Order No. 2023 left open the question of how RTOs/ISOs will recover those study delay penalties that are not automatically imposed on a transmission-owning member by explaining that RTOs/ISOs may submit an FPA section 205 filing to propose a cost recovery scheme for these penalties.[15]  Unfortunately, Order No. 2023-A continues to punt this question, stating that it will address any future RTO/ISO section 205 proposal to recover the costs of study delay penalties on case-by-case basis.[16]  I urge that any such RTO/ISO filing make protections to consumers paramount.  In any scenario, the costs of penalties should not be imposed on retail customers, for the obvious reason they are not the cause of the penalties.  I would add that the fact that Order No. 2023-A still fails to answer the fundamental question of “who pays?” illustrates the legal and policy flaws in the penalty scheme as applied to RTOs/ISOs.  No doubt we will continue to hear more about this issue.

Cost of Heatmap (Section II.C.1.c)

In addition, although I support the heatmap requirement, I remain concerned over its potential funding through transmission rates.[17]  Order No. 2023-A sustains the determination that transmission providers must bear the costs associated with their heatmaps or recover them through transmission rates to the extent they are recoverable consistent with Commission accounting and ratemaking policy, finding that interconnection customers are not the sole or primary beneficiaries of the heatmap requirement.[18]

I agree with this rationale only with respect to those regions in which transmission providers which do not use participant funding—i.e., in those regions where the transmission provider’s load ultimately reimburses (or more accurately, subsidizes) interconnection customers for their interconnection costs.  As heatmaps serve to identify viable points of interconnection and improve queue efficiency, they help to reduce interconnection costs.  Thus, ceteris paribus, heatmaps will indirectly reduce the magnitude of the reimbursements of interconnection costs paid by load to interconnection customers.
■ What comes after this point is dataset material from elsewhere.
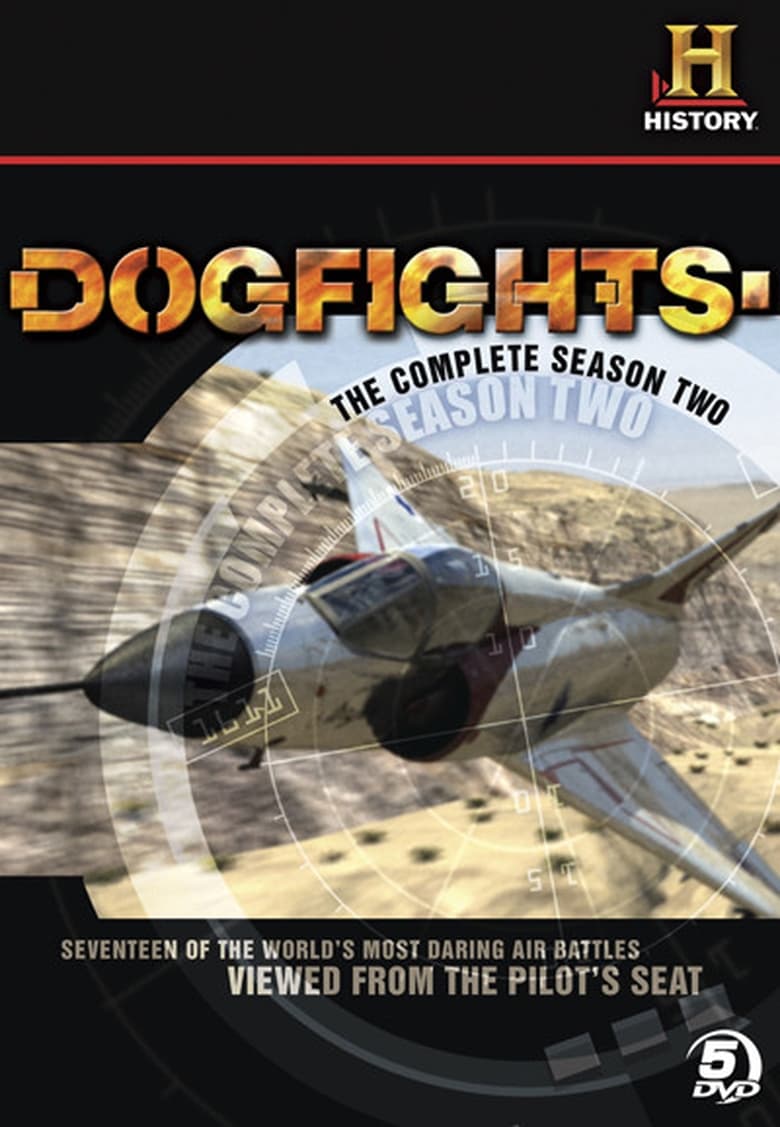 Poster of Cast and Crew in Dogfights - Season 2 - Episode 13 - Tuskegee Airmen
On the other hand, in regions in which the transmission provider uses participant funding—such as in PJM and MISO—I fail to see how interconnection customers are not the sole or primary beneficiaries of the heatmap requirement.  In those regions, as interconnection customers are ultimately responsible for interconnection costs—with the exception of MISO’s (questionable, in my opinion) assignment to load of 10% of the cost of network upgrades 345 kV and above—the savings that heatmaps provide would inure to generation developers.  I question, therefore, whether the recovery of the cost of heatmaps from load in those regions would be just and reasonable.  As I stated in my Order No. 2023 Concurrence:

Commission policy may dictate that interconnection queue efficiency benefits transmission customers; however, that should not result in the costs of a requirement that best benefits interconnection customers, and really prospective interconnection customers that may ultimately not seek to interconnect, being recovered from consumers through transmission rates carte blanche.[19]

For these reasons, I concur.



[1] Improvements to Generator Interconnection Procedures and Agreements, Order No. 2023-A, 186 FERC ¶ 61,199 (2024).
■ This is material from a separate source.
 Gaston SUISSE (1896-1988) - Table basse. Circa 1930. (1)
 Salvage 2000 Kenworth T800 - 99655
[2] Improvements to Generator Interconnection Procedures and Agreements, Order No. 2023, 88 FR 61014 (Sept. 6, 2023), 184 FERC ¶ 61,054 (2023) (Christie, Comm’r, concurring at P 1) (Order No. 2023 Concurrence),

[3] Id. P 2.

[4] Id. P 5 (footnote omitted).

[5] Id. PP 6-7.

[6] Id. P 8.

[7] Id. P 9.

[8] Id. P 10.

[9] Id. P 11.

[10] Order No. 2023-A, 186 FERC ¶ 61,199 at P 618 (citations omitted).

[11] Id. P 619 (citation omitted); see also id. PP 626-627.

[12] Order No. 2023 Concurrence at P 12 (emphasis added).

[13] Id. P 17.

[14] Id. P 18.

[15] Id. P 20.

[16] Order No. 2023-A, 186 FERC ¶ 61,199 at P 465 (citation omitted).

[17] Order No. 2023 Concurrence at PP 21-22.

[18] Order No. 2023-A, 186 FERC ¶ 61,199 at P 106.

[19] Order No. 2023 Concurrence at P 22 (emphasis in original).